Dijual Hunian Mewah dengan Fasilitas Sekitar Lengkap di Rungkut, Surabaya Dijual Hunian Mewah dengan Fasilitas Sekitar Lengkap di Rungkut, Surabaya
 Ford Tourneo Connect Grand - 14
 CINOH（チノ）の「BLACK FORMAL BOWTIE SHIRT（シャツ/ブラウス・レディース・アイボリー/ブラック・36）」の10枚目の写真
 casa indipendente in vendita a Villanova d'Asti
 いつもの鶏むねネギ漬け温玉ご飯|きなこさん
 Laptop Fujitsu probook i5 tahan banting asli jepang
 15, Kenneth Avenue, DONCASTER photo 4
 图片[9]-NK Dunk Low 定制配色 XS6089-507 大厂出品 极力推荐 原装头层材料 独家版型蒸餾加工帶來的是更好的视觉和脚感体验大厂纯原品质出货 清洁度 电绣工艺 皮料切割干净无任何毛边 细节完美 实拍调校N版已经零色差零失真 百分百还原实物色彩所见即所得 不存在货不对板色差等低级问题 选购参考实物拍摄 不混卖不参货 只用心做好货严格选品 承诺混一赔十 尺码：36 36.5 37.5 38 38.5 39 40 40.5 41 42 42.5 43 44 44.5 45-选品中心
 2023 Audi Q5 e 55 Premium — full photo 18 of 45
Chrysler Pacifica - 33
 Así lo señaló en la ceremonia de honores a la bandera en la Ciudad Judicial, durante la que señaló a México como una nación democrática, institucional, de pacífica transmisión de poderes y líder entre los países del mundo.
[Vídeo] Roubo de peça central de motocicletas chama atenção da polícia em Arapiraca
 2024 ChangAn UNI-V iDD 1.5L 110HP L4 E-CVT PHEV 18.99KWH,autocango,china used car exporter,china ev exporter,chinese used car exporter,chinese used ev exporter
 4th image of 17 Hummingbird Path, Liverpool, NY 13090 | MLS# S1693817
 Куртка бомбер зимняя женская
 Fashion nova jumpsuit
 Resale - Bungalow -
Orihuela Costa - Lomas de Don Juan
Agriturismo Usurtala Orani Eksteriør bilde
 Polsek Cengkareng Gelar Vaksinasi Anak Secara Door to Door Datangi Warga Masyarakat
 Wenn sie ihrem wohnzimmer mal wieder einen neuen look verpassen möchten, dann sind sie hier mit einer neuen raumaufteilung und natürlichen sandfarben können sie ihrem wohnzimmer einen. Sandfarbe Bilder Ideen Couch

+ + + +

* _TASK DESCRIPTION_: Return the material exactly. Leave out no line.

* _ANSWER TO THIS EXERCISE_:
Dijual Hunian Mewah dengan Fasilitas Sekitar Lengkap di Rungkut, Surabaya Dijual Hunian Mewah dengan Fasilitas Sekitar Lengkap di Rungkut, Surabaya
 Ford Tourneo Connect Grand - 14
 CINOH（チノ）の「BLACK FORMAL BOWTIE SHIRT（シャツ/ブラウス・レディース・アイボリー/ブラック・36）」の10枚目の写真
 casa indipendente in vendita a Villanova d'Asti
 いつもの鶏むねネギ漬け温玉ご飯|きなこさん
 Laptop Fujitsu probook i5 tahan banting asli jepang
 15, Kenneth Avenue, DONCASTER photo 4
 图片[9]-NK Dunk Low 定制配色 XS6089-507 大厂出品 极力推荐 原装头层材料 独家版型蒸餾加工帶來的是更好的视觉和脚感体验大厂纯原品质出货 清洁度 电绣工艺 皮料切割干净无任何毛边 细节完美 实拍调校N版已经零色差零失真 百分百还原实物色彩所见即所得 不存在货不对板色差等低级问题 选购参考实物拍摄 不混卖不参货 只用心做好货严格选品 承诺混一赔十 尺码：36 36.5 37.5 38 38.5 39 40 40.5 41 42 42.5 43 44 44.5 45-选品中心
 2023 Audi Q5 e 55 Premium — full photo 18 of 45
Chrysler Pacifica - 33
 Así lo señaló en la ceremonia de honores a la bandera en la Ciudad Judicial, durante la que señaló a México como una nación democrática, institucional, de pacífica transmisión de poderes y líder entre los países del mundo.
[Vídeo] Roubo de peça central de motocicletas chama atenção da polícia em Arapiraca
 2024 ChangAn UNI-V iDD 1.5L 110HP L4 E-CVT PHEV 18.99KWH,autocango,china used car exporter,china ev exporter,chinese used car exporter,chinese used ev exporter
 4th image of 17 Hummingbird Path, Liverpool, NY 13090 | MLS# S1693817
 Куртка бомбер зимняя женская
 Fashion nova jumpsuit
 Resale - Bungalow -
Orihuela Costa - Lomas de Don Juan
Agriturismo Usurtala Orani Eksteriør bilde
 Polsek Cengkareng Gelar Vaksinasi Anak Secara Door to Door Datangi Warga Masyarakat
 Wenn sie ihrem wohnzimmer mal wieder einen neuen look verpassen möchten, dann sind sie hier mit einer neuen raumaufteilung und natürlichen sandfarben können sie ihrem wohnzimmer einen. Sandfarbe Bilder Ideen Couch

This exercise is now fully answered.